WHAT IS EXPECTED
I'd like the data below restated word for word, with the pictures left out.

MATERIAL PROVIDED
=-=-=

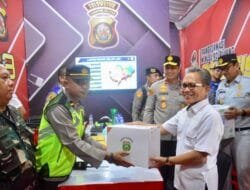 Jelang Perayaan Natal di Kota Palembang , Sekda Supriono  Bersama Wakapolda Sumsel Pantau Gereja dan Posko Nataru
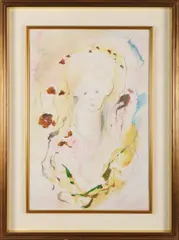 Serena by Ernesto Treccani, sold Feb 2018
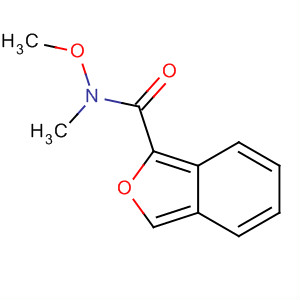 2-Benzofurancarboxamide, N-methoxy-N-methyl-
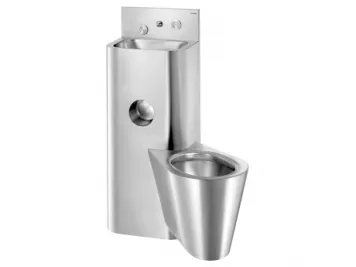 Delabie Combi KOMPACT WC + pesuallas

=-=-=

ANSWER SECTION
 Jelang Perayaan Natal di Kota Palembang , Sekda Supriono  Bersama Wakapolda Sumsel Pantau Gereja dan Posko Nataru
 Serena by Ernesto Treccani, sold Feb 2018
 2-Benzofurancarboxamide, N-methoxy-N-methyl-
 Delabie Combi KOMPACT WC + pesuallas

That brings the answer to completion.